Do you remember when fear of “peak oil” was all the rage? We were told that as the world’s supply of oil dwindled, nations would wage war for the last drops.

Or, if that doesn’t ring a bell, remember threats of gasoline costing $10 per gallon? When gas rose rapidly to $4 in 2008 and went back to that price a few years ago, we were all wondering when gas would crack $5 and then $6 and so on. Priuses, Insights, Volts, Leafs, Teslas – car manufacturers couldn’t churn out the electrics and hybrids fast enough.

Fast forward a few years. Gas costs less than $2. People are enjoying reduced heating bills. And it’s pretty easy to buy a hybrid. While the last 10 years has brought mostly angst regarding the oil market, we’re seeing almost the opposite now as elation takes over the consumer class. Heating oil in Maine is at its lowest since 2004, when the governor’s energy office started keeping track of fuel prices. While people are still buying gas-sipping cars, many more are buying bigger pickup trucks and luxury automobiles. Times are definitely heady for the driving public.

But what’s good for the goose isn’t always good for the gander, as we learned recently when stocks sank after oil dipped below $30 per barrel. OPEC keeps pumping at high rates despite lower demand in China and elsewhere as a global economic slowdown takes hold. The same market forces that bring lower pump prices have also brought American fracking companies, which were drill-baby-drilling not too long ago, to their knees. A CNN story last week cited government reports that 81 oil and oilfield service companies filed for bankruptcy in 2015. Big banks, which provided loans to those companies, are on the hook for losses. That same CNN story said 130,000 American energy-sector jobs were lost last year.

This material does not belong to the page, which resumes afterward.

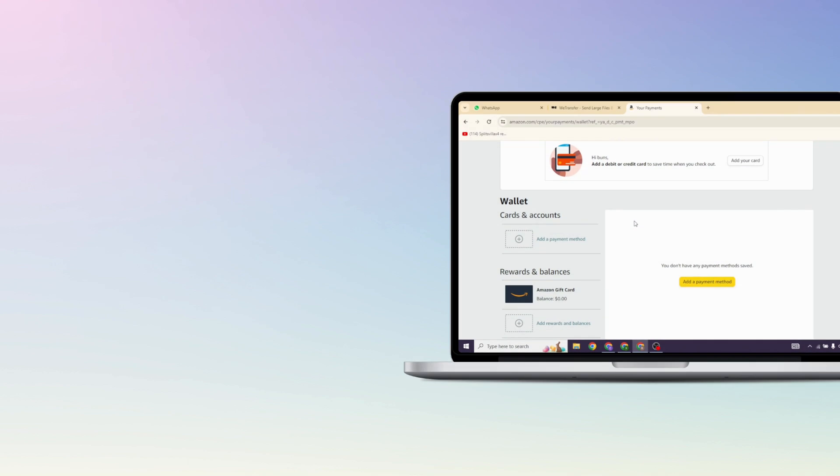That's a wrap for this video — this is how you can change your billing address in Amazon. If this video was helpful, don't forget to like, share, and subscribe. Thank you!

Maine may be far from the shale oil fields, but we’re not immune to this market shift. We have many retirees and those close to retiring. While younger people needn’t be nervous about this latest stock and commodity collapse, older people are certainly worried about their portfolios and will probably spend their money less freely as a result, harming the local economy if things continue this way.

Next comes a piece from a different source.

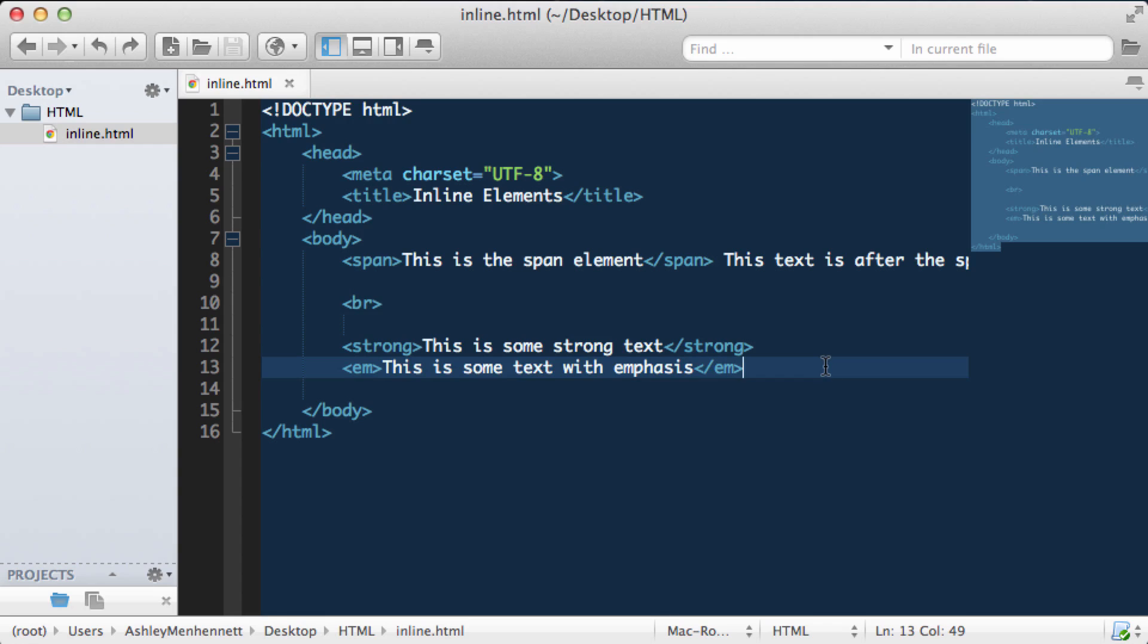So I hope you've learnt a little bit about text modifiers and inline elements in HTML.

All this upheaval in the market has us thinking about how to best handle this new normal, to steal a phrase from President Obama’s financial meltdown-era phrase book. Rather than buying larger cars and turning up the heat and feeling giddy about saving money at the pump, we’d urge everyone to remember that this, too, shall pass. While experts say it may take a while, oil will eventually return to previous levels, so now is not the time to become complacent. Now is the time to double down and prepare personally for the next spike and, in a larger sense, fulfill that elusive goal of American energy independence.

Watching geopolitical machinations, we can see that Saudi Arabia and other OPEC nations are playing hardball, in effect keeping their taps on full blast in an effort to push prices low enough to force upstart American oil companies out of the game. We usually think of Saudi as a partner in our need for oil, but this latest episode shows they are willing to go to great lengths to protect the sole driver of their economy.

So if oil isn’t the answer, what is? Solar farms, on an industrial and residential scale, as well as hybrid technology, hydrogen fuel cells, nuclear, biothermal, wind – these are the answers to our long-term energy needs, as has been the mantra since the oil shock in 2008 and prior. We’re not sure OPEC will allow us to detox from their oil opiate, but for our own sake, it’s the direction we need to move.

Sure, we’re enjoying cheap oil now, but history always repeats itself. Oil impacts our wallets at the pump but also our tax bills, since schools, towns and county budgets are dependent on fuels. If we can move away from oil, we can leave the Middle East in our dust, along with their political and religious turmoil, which is only growing more violent and sectarian. But as long as we’re dependent on their oil, we’ll never free ourselves from this vicious cycle. It’d be good to remember this as the market sings a siren’s song to us in these delirious days of cheap oil.